▸ Image-caption web data
<<<<

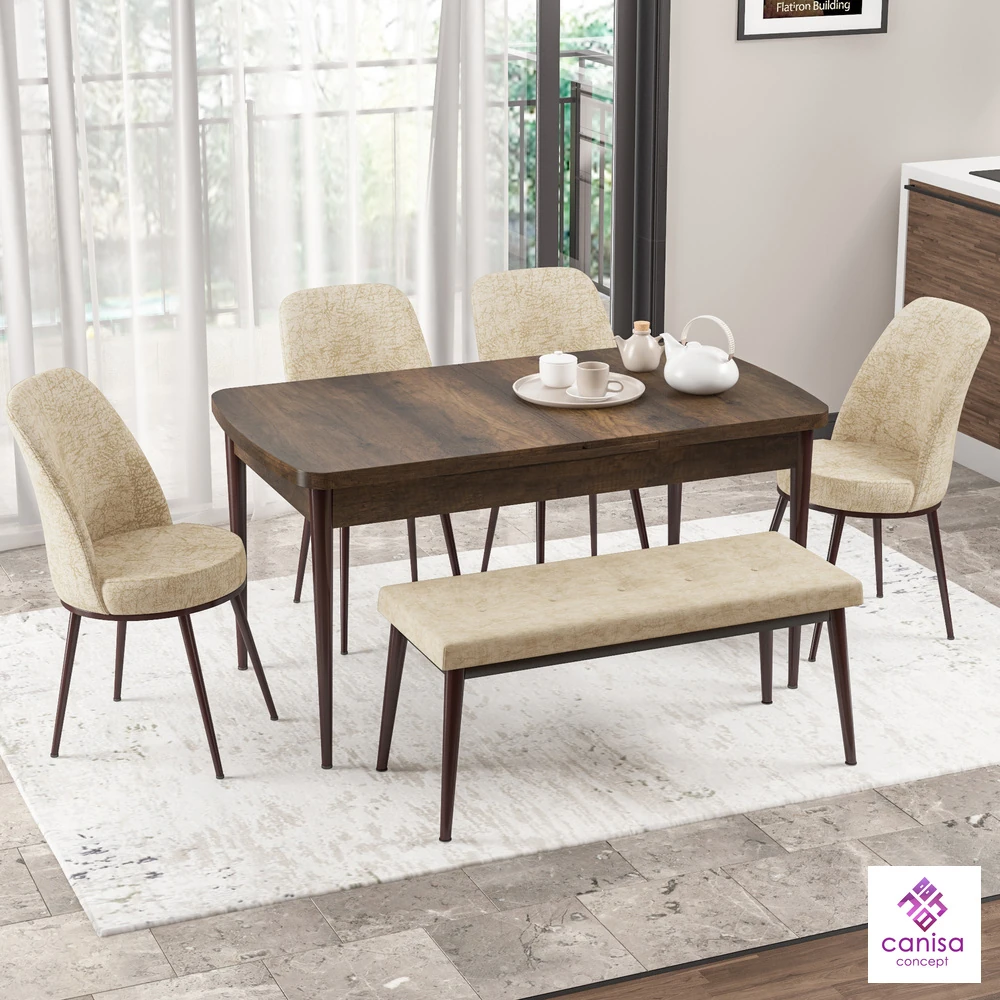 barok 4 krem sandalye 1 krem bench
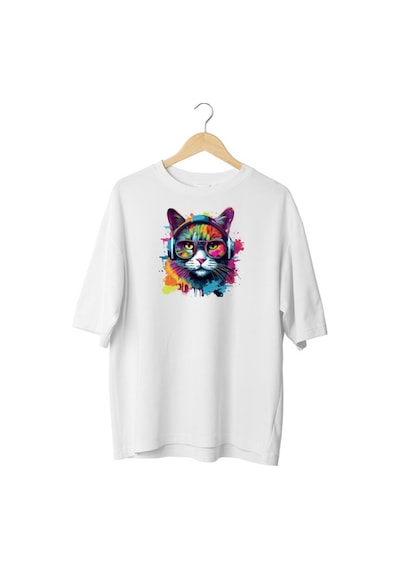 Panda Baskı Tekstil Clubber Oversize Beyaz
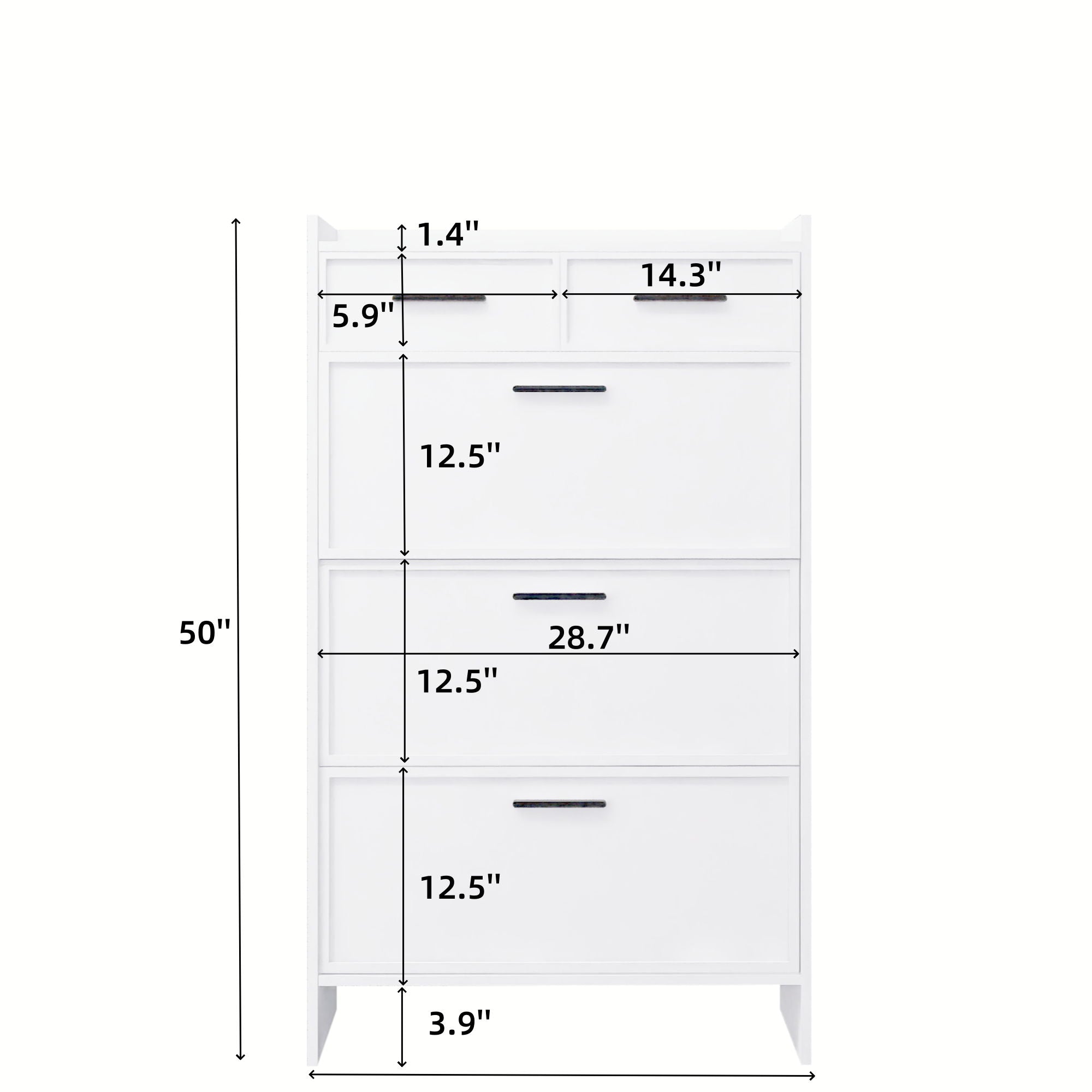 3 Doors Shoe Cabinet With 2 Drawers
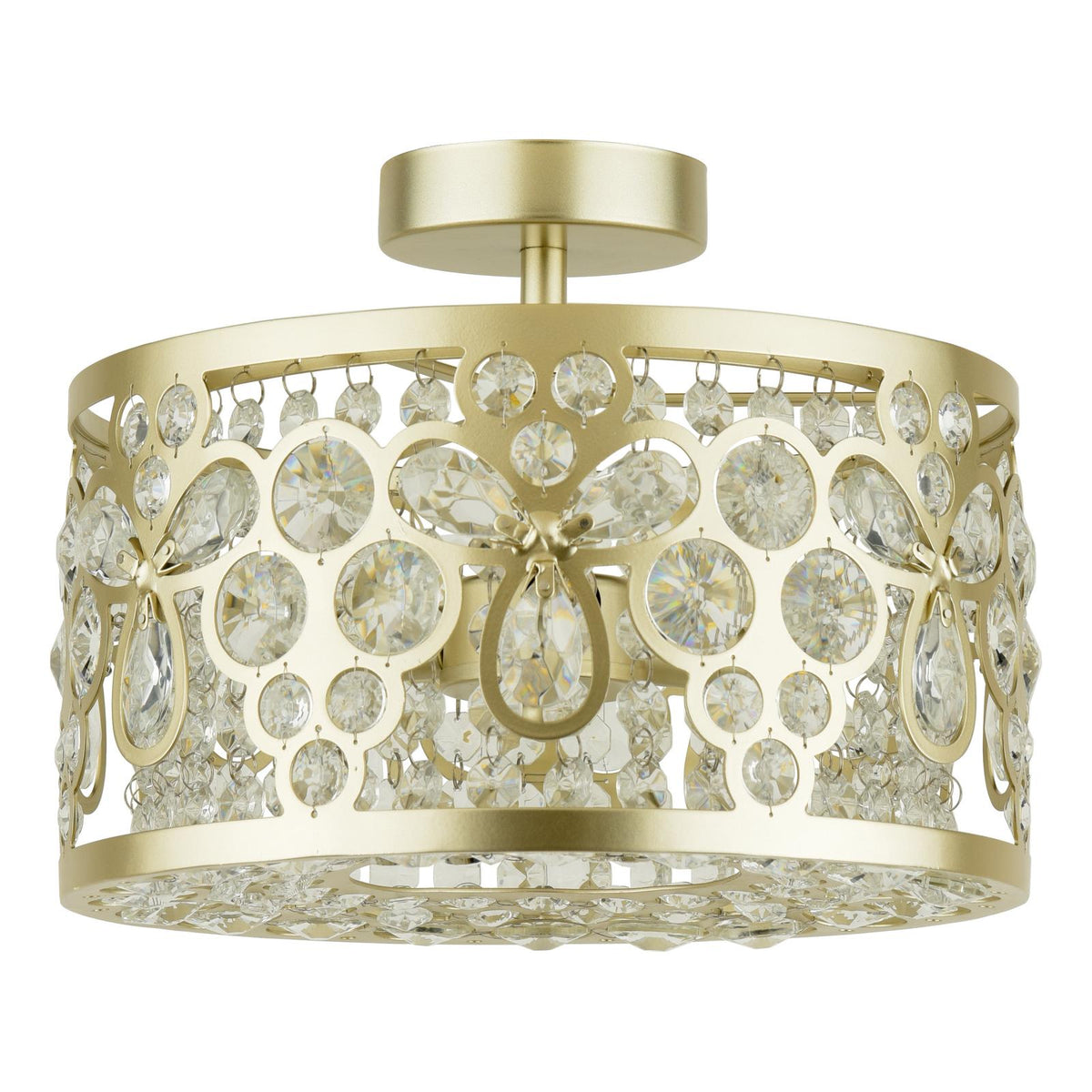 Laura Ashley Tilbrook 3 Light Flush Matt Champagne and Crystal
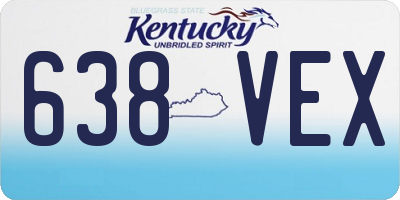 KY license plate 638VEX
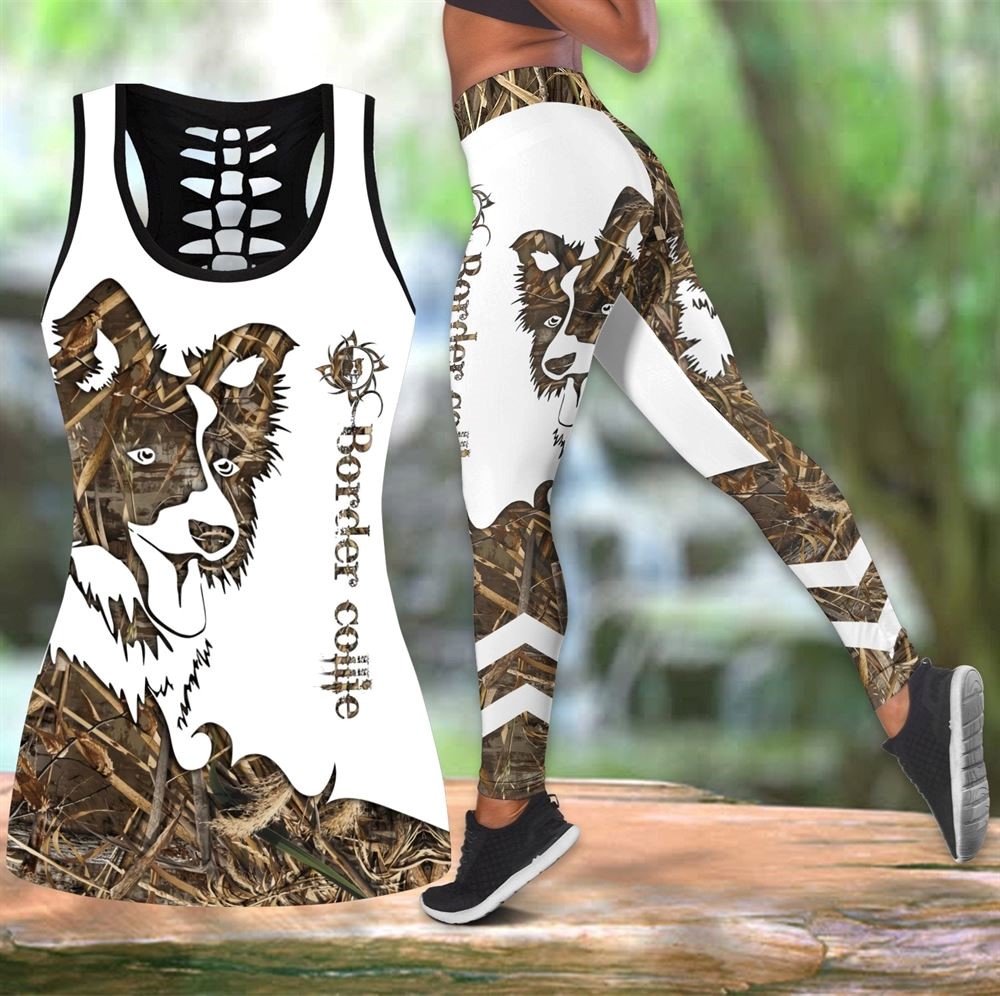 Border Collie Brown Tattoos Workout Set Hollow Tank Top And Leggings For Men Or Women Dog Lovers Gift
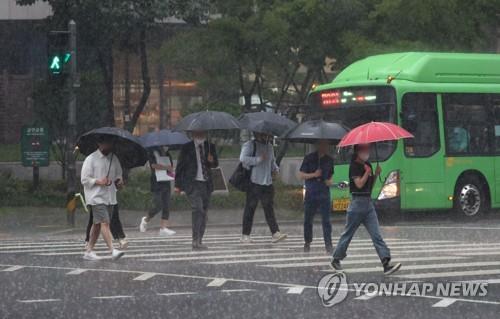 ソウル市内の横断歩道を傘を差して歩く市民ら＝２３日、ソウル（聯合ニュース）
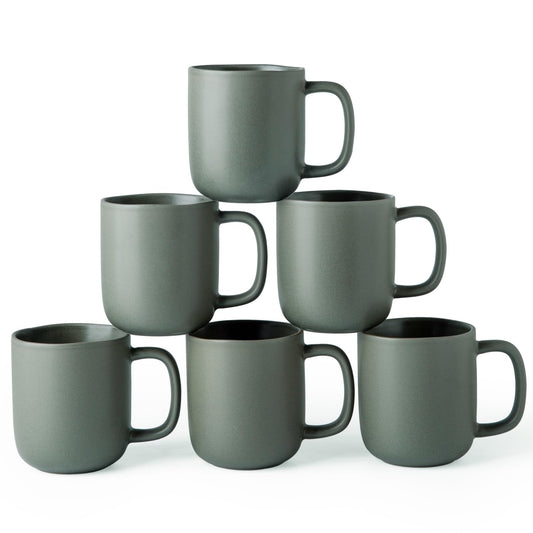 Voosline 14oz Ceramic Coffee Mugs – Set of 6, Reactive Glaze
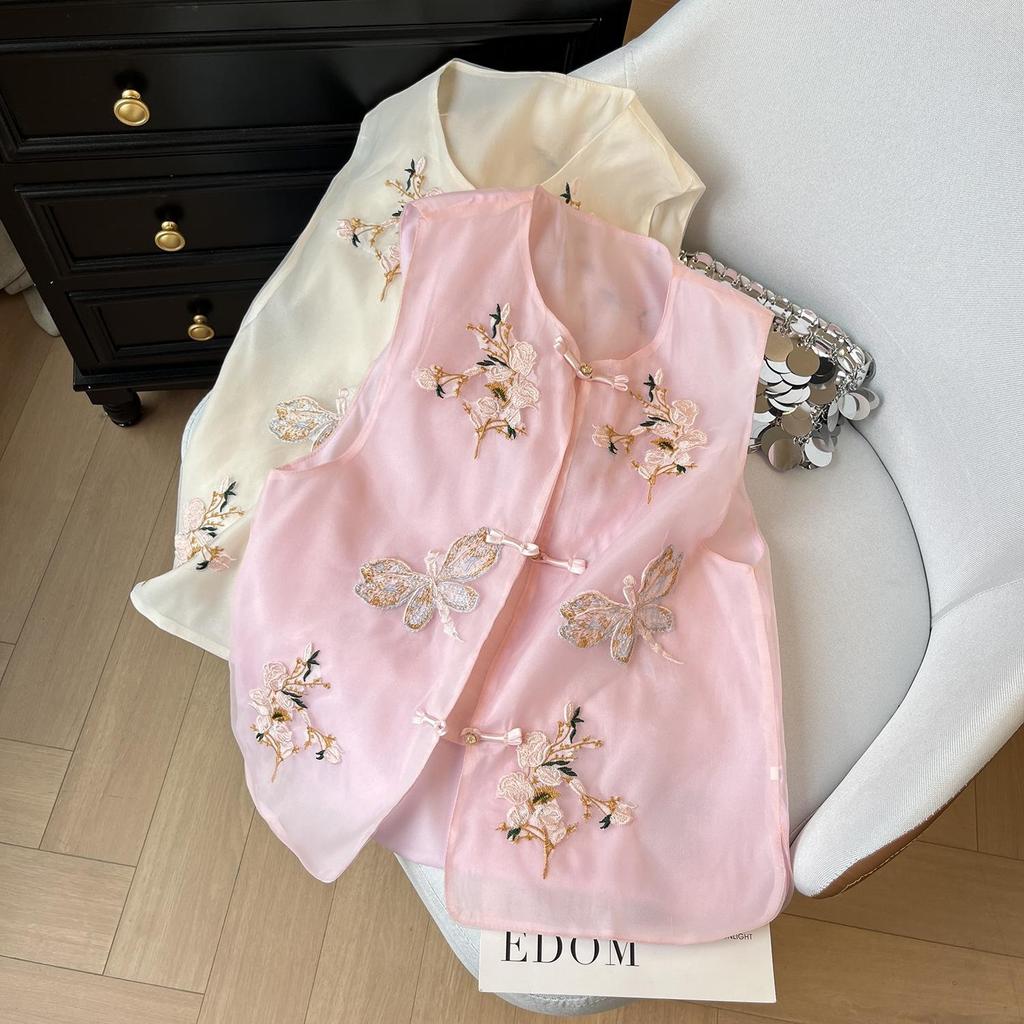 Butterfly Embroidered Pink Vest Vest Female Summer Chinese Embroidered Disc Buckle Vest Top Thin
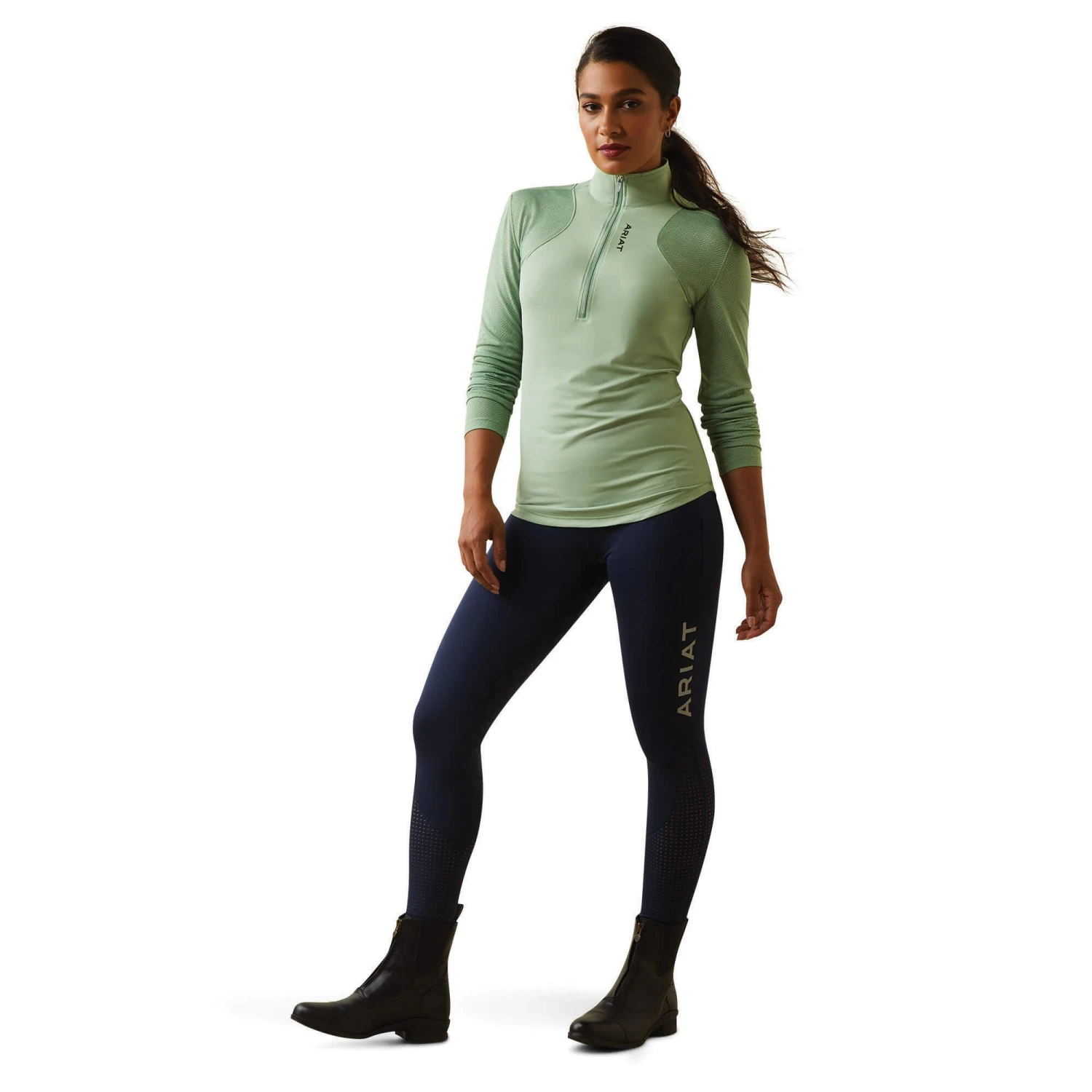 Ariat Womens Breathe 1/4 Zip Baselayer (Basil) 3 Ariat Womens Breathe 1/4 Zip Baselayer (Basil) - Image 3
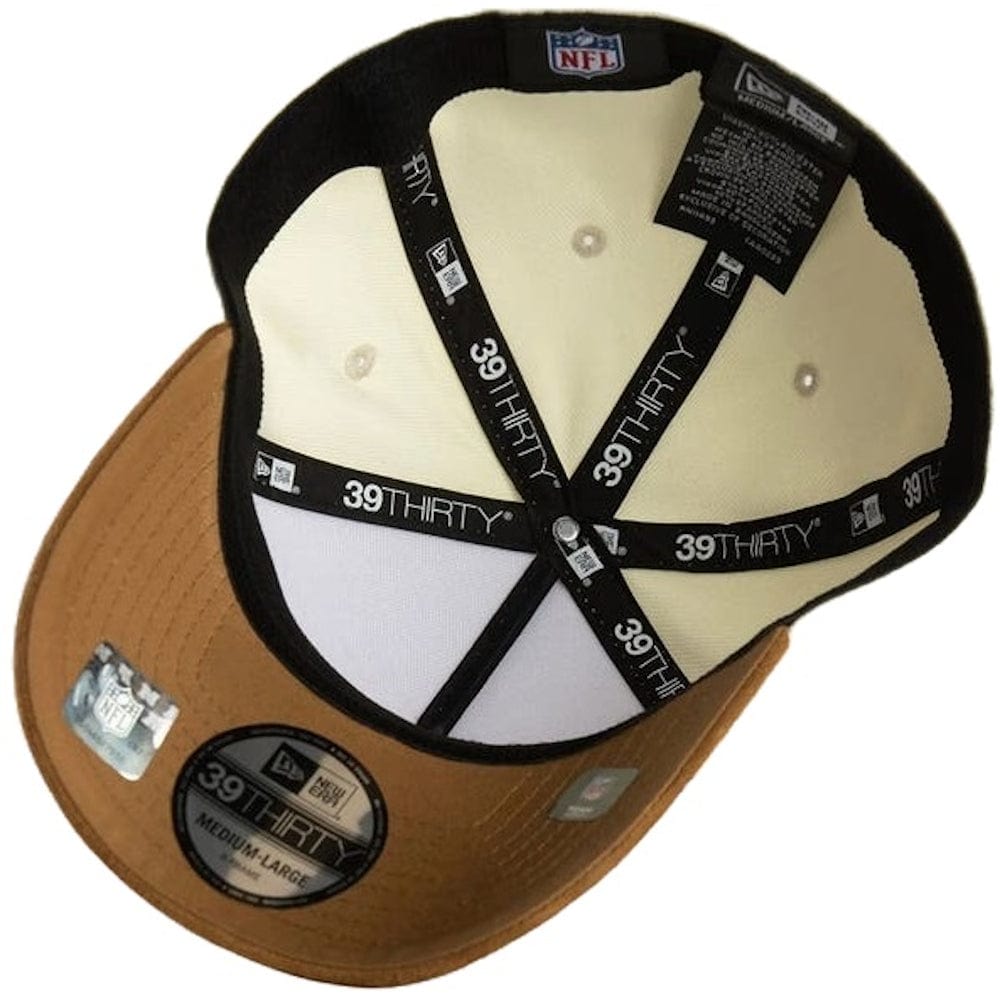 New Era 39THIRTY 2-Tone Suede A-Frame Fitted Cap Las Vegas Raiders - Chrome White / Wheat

>>>>

▸ Work instructions
Although the records above contain pictures, the copy must not; set down exactly the lines from the one with "Voosline 14oz Ceramic" up to and including the one with "Ariat Womens Breathe 1/4 Zip Baselayer (Basil) 3".

▸ Solution to this problem
 Voosline 14oz Ceramic Coffee Mugs – Set of 6, Reactive Glaze
 Butterfly Embroidered Pink Vest Vest Female Summer Chinese Embroidered Disc Buckle Vest Top Thin
 Ariat Womens Breathe 1/4 Zip Baselayer (Basil) 3 Ariat Womens Breathe 1/4 Zip Baselayer (Basil) - Image 3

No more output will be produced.